3. Different molecular structures create families of curves with different slopes. Propylene and benzene have more water solubility at low temperature and less water solubility at higher temperature than a constant linear relationship versus vapor pressure of water would predict. Structurally different molecules containing oxygen, nitrogen or other compounds can make the differences larger and less predictable.
If you only have one point, predicting water solubility a long way from your datum raises the risk of significant errors. If the errors have large consequences, you need more data.
In this case, with this client, the response to data uncertainty was to significantly increase the size of the equipment necessary to ensure processing capacity targets are met.
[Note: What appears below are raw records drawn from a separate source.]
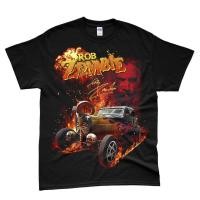 ราคา เสื้อยืด Unisex ผ้าฝ้าย 100% Gildan สไตล์วงวินเทจ Rob Zombie (48007634911)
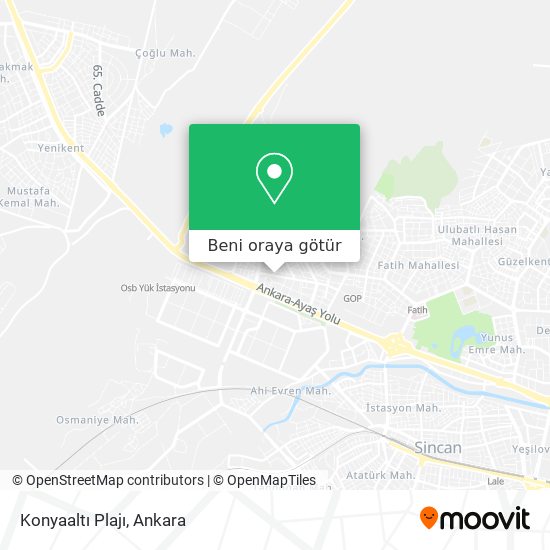 Konyaaltı Plajı harita
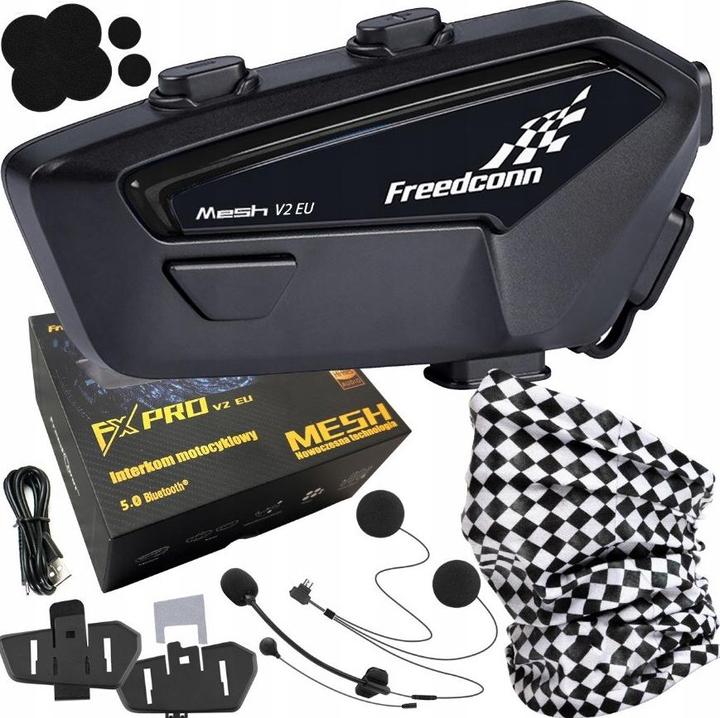 Actual product image FreedConn Interkom motocyklowy FreenConn FX Pro V2 EU MESH (Set of 1)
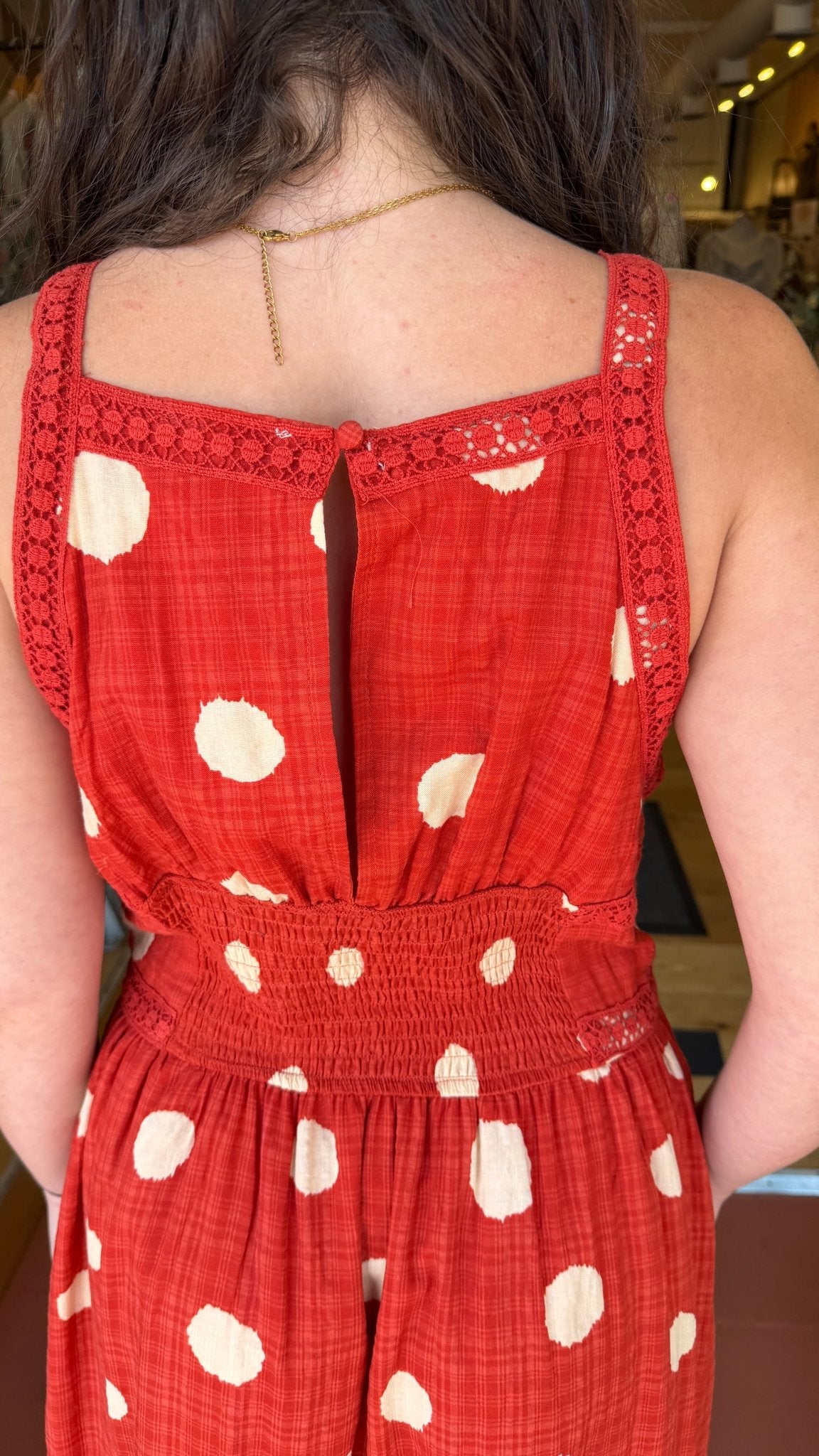 Poppy Fields Red Polka Dot Sundress - Rebecca James Clothing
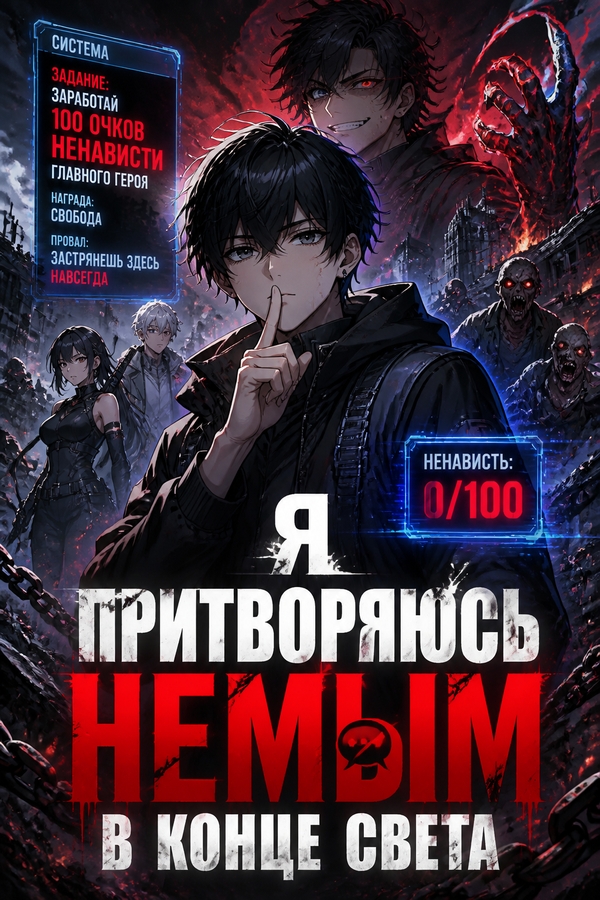 Я притворяюсь немым в конце света - обложка ранобэ читать онлайн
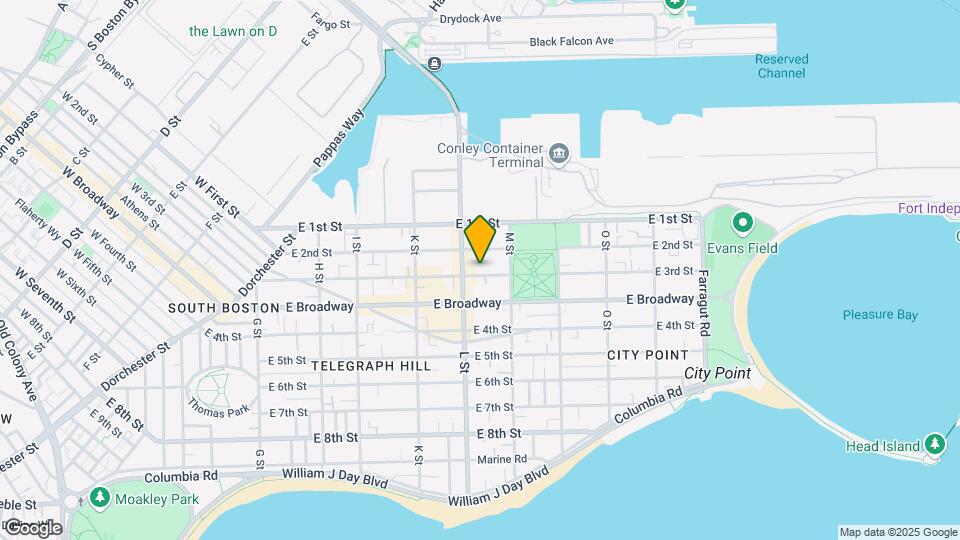 626 E 3rd St, Unit 2 Map and Location Details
The project retained acceptable economics at the conceptual stage. However, the inevitable happened — a cost target was needed to offset some other changes. The question arose: How sure are you about the water solubility? The answer was not very sure; it could be better or worse. In this case, having good data is a possible cost-saving measure. Good data enable better equipment sizing if the basis used was too conservative. Good data allow for appropriate design to meet target capacities or better investment decisions if the basis used was too optimistic.
For simple molecular systems, two data points bracketing the processing range often will give good results. Three or four points bracketing the range will identify most non-ideal situations and allow for estimates sufficient for most uses. Nevertheless, be aware that some systems are extremely non-ideal and may require much more data.